2. The Hoffers cite William Blackstone as an authority, without adequate attention to the fact that his volumes were not widely distributed in the colonies until late in the imperial crisis and that in America his rendering of parliamentary supremacy was seen as both recent and highly controversial. For an excellent treatment of Blackstone's influence (and lack thereof), see Martin Jordan Minot, "The Irrelevance of Blackstone: Rethinking the Eighteenth-Century Importance of the Commentaries," Virginia Law Review 104, no. 7 (November 2018): 1359–97.
3. Bernard Bailyn, The Ideological Origins of the American Revolution, enlarged ed. (Cambridge, Mass., 1992); Thomas Jefferson, Jefferson's Legal Commonplace Book, ed. David Thomas Konig and Michael P. Zuckert (Princeton, N.J., 2019).

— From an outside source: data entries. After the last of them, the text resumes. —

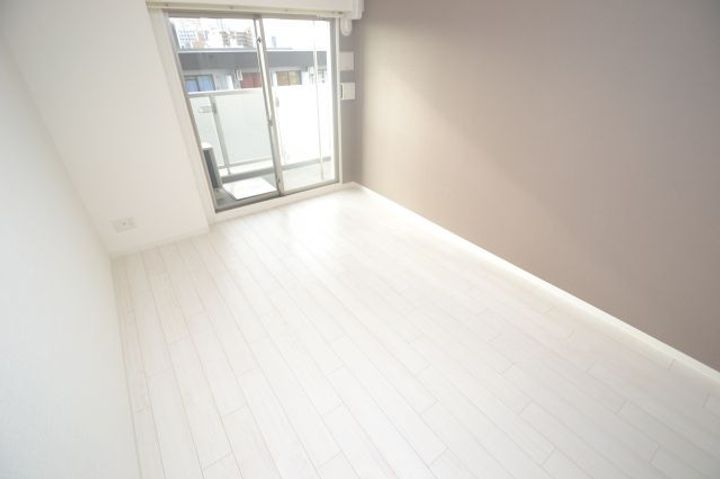 ピアグレース神戸の居間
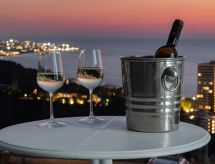 Rhodes Skyline Suites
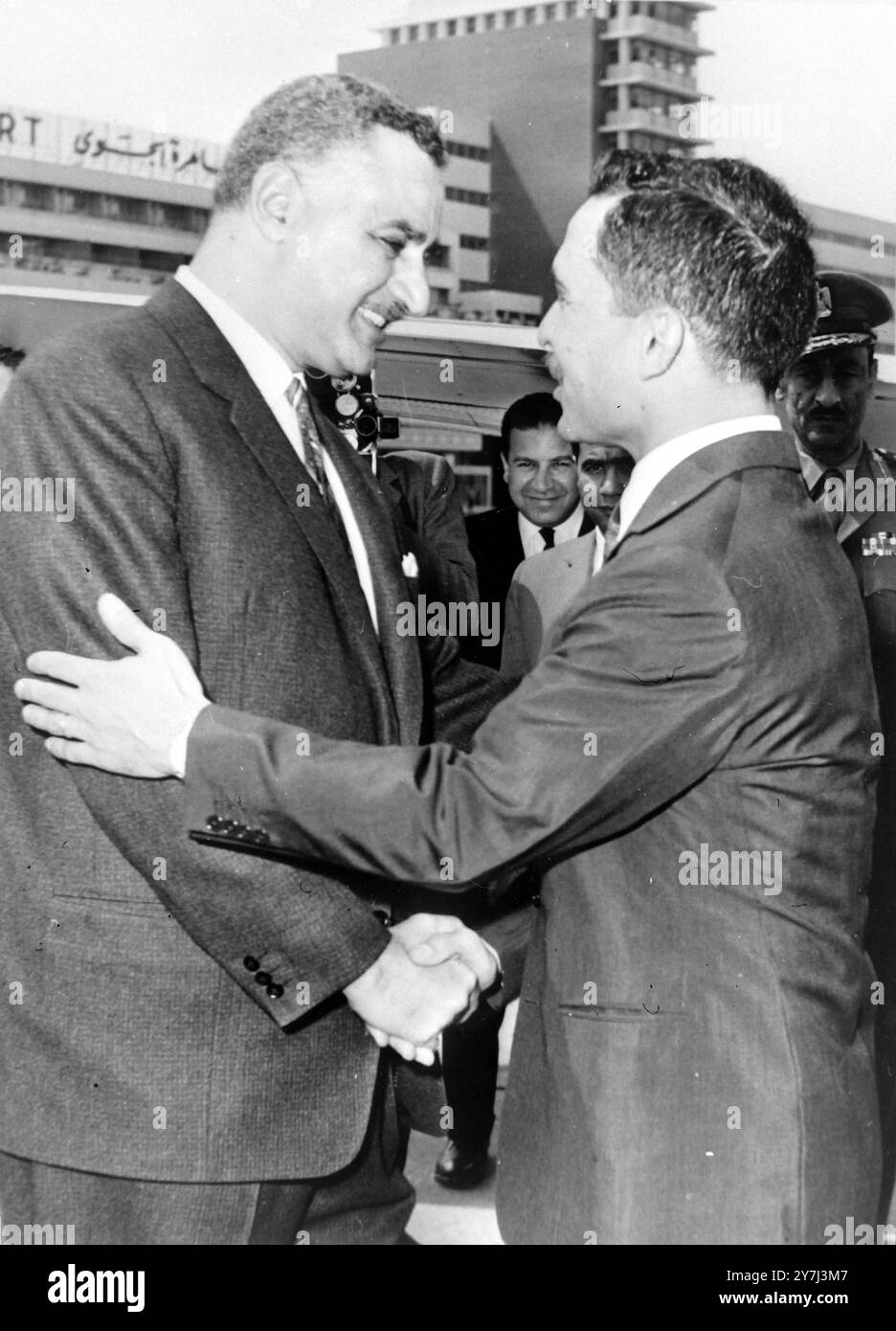 RE HUSSEIN DI GIORDANIA CON IL PRESIDENTE DELLA REPUBBLICA ARABA UNITA GAMAL ABDUL NASSER AL CAIRO; 12 MARZO 1964 Foto Stock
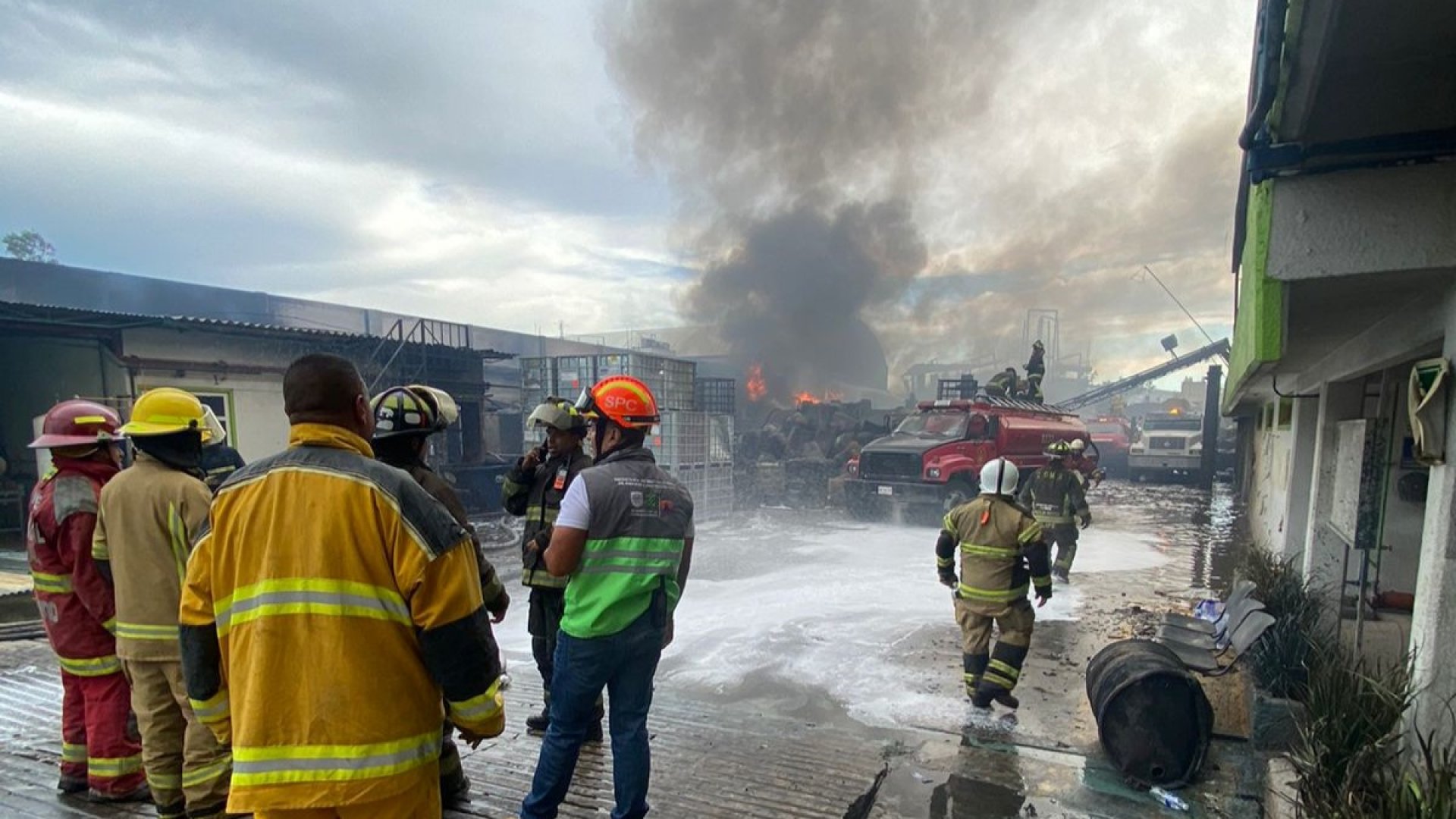 Se incendia fábrica de solventes en Chicoloapan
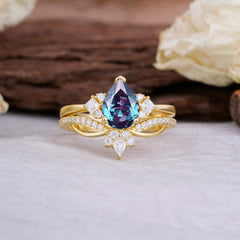Fashion-Forward Luxury Pear-Cut Alexandrite Engagement Ring Set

4. For example, the Hoffers describe Jefferson as believing "that the process of making laws should be open and fair" and conclude that "today this is called 'process theory'" (102). They describe James Otis Jr. as offering an "originalist" approach by looking into "the intent of the framers" (31) of the writs of assistance in his argument in that case and see Joseph Galloway as presaging Justice William Brennan's twentieth-century "living constitution" (90) theory of constitutional interpretation when Galloway proposed a plan for colonial union in 1774. Such comparisons are problematic without fuller explanation and argument.